É evidente que o fato da Noruega e da Rússia possuírem bons jogadores de vôlei de praia não tem relação de causa e efeito direta com o aquecimento global ou com as mudanças climáticas, no entanto, enquanto estes países disputavam a final olímpica no Japão sob um sol de 40 graus, o Brasil passava por frente fria histórica, que levou neve pela primeira vez a algumas cidades do estado de São Paulo e derrubou as temperaturas por todo o centro-sul do país. Em Juiz de Fora a temperatura mínima chegou a 4 graus em alguns dias.
Não é de hoje que o debate climático tem ocupado o centro dos holofotes na política mundial. Desde o princípio de 2021, com a convocação por Joe Biden – presidente estadunidense – da Cúpula de Líderes sobre o Clima, e com os preparativos para a COP 26, que ocorrerá em Glasgow em novembro, que há a criação de um cenário de pressão pública para o avanço da agenda climática.
No entanto, é durante a ocorrência de eventos climáticos extremos, como a frente fria que atingiu o Brasil há 15 dias, que é possível ver os efeitos nefastos das mudanças climáticas, e quem são as principais vítimas delas.

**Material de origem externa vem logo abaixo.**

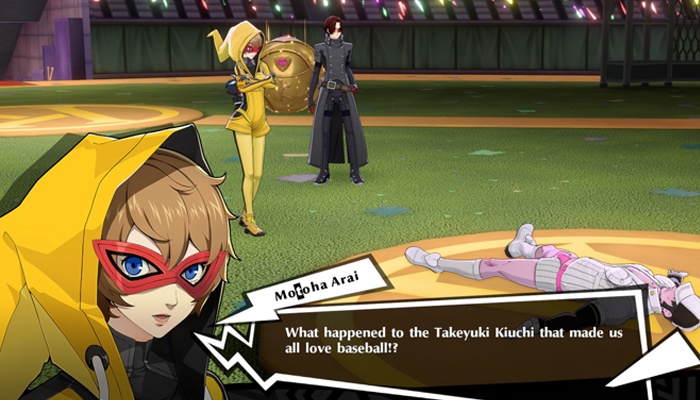 Palacio de Kiuchi en Persona 5: The Phantom X Motoha Arai final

Ao tratar da questão ambiental e climática é fundamental compreender que os seus impactos atingem de forma e com intensidade desiguais os diferentes grupos sociais. A dinâmica estrutural de exclusão e opressão de raça, classe, gênero e sexualidades se articula com a própria concepção do que é a justiça climática.

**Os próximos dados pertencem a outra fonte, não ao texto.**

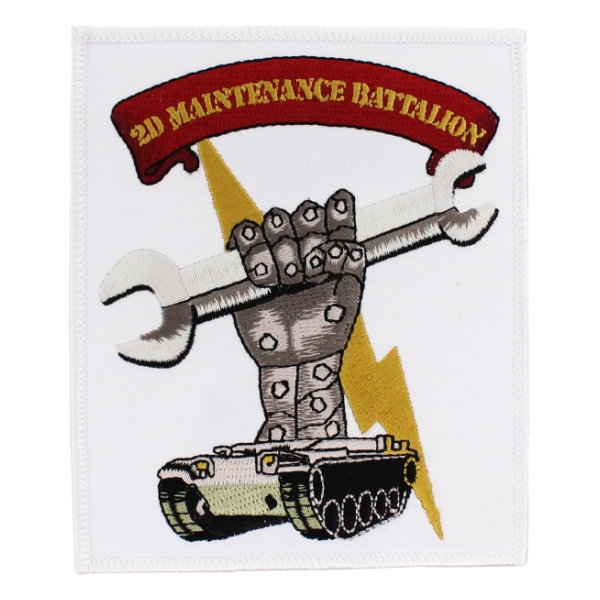 2nd Marine Maintenance Battalion Patch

Uma análise superficial das vítimas de graves eventos ambientais e climáticos no decorrer dos anos – como o Furacão Katrina em Nova Orleans nos Estados Unidos, ou o Furacão Maria em Porto Rico, ou a frente fria deste ano – nos permite perceber que sua composição consiste de pessoas em situação de vulnerabilidade, pessoas negras, em situação de pobreza, LGBTTQIAP+.
O cenário de vulnerabilidade se repete nas estatísticas de desemprego, de precarização no trabalho, da população em situação de rua, das habitações sem saneamento básico e/ou próximas a empreendimentos de alto risco ambiental.
Não é coincidência que haja sobreposição destes quadros. No ano de 2021 já são 17 pessoas em situação de rua que foram mortas pelo frio (ou pela omissão do Estado) somente na cidade de São Paulo.
Enfim, é preciso compreender que não é mais possível ignorar a emergência da crise climática e que este debate não possui relevância somente a nível global, mas necessita de políticas públicas da administração das esferas municipal, estadual e federal comprometidas com a superação das desigualdades estruturais de diversas ordens.